Spatial variability of water use efficiency in China's terrestrial ecosystems

- A dataset containing 37-site WUE data from China is constructed.
- WUE decreased with the increasing altitude, which resulted from the climatic gradient.
- Not only MAT, MAP, and MLAI but also MAR affected the spatial variation of WUE.
- The equation containing MLAI and altitude explained 65% of WUE spatial variation.

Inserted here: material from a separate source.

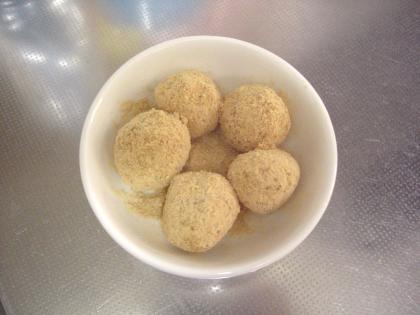 ちょっとかために出来がり、小麦粉を入れすぎだったかなって感じです。
でもこれはこれでカミカミメニューとなり、おいしくいただきました（＾＾）
も一度作ってみます！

Water use efficiency (WUE) reflects the coupling of carbon and water cycles. Analyzing the spatial variability of WUE can improve our understanding on the interaction between carbon and water cycles at a large scale, which also provides a basis for improving the regional carbon budget assessment. Based on China's eddy covariance measurements, we examined the spatial variation of China's WUE and its affecting factors. WUE showed a decreasing trend with the increasing altitude, which was the result of ecosystem type distribution resulting from the climatic gradient. After fully considering the vertical variation of WUE, we found that not only mean annual air temperature (MAT), mean annual precipitation (MAP), and mean leaf area index (MLAI) but also mean annual total photosynthesis active radiation (MAR) affected the spatial variation of WUE. With the increasing MAT, MAP, and MLAI, WUE increased significantly but the increasing MAR decreased WUE. The spatial variation of WUE could be directly depicted by MLAI and altitude, the equation including which explained 65% of the spatial variation of WUE. The effects of MAT and MAP on the spatial variation of WUE may be achieved through altering MLAI, while the mechanism underlying the effect of MAR on the spatial variation of WUE was still unclear, which should be the subject of future investigations. This study reveals the vertical variation of WUE and provides a new approach to generate the spatial variation in WUE, which will benefit the regional carbon budget assessment.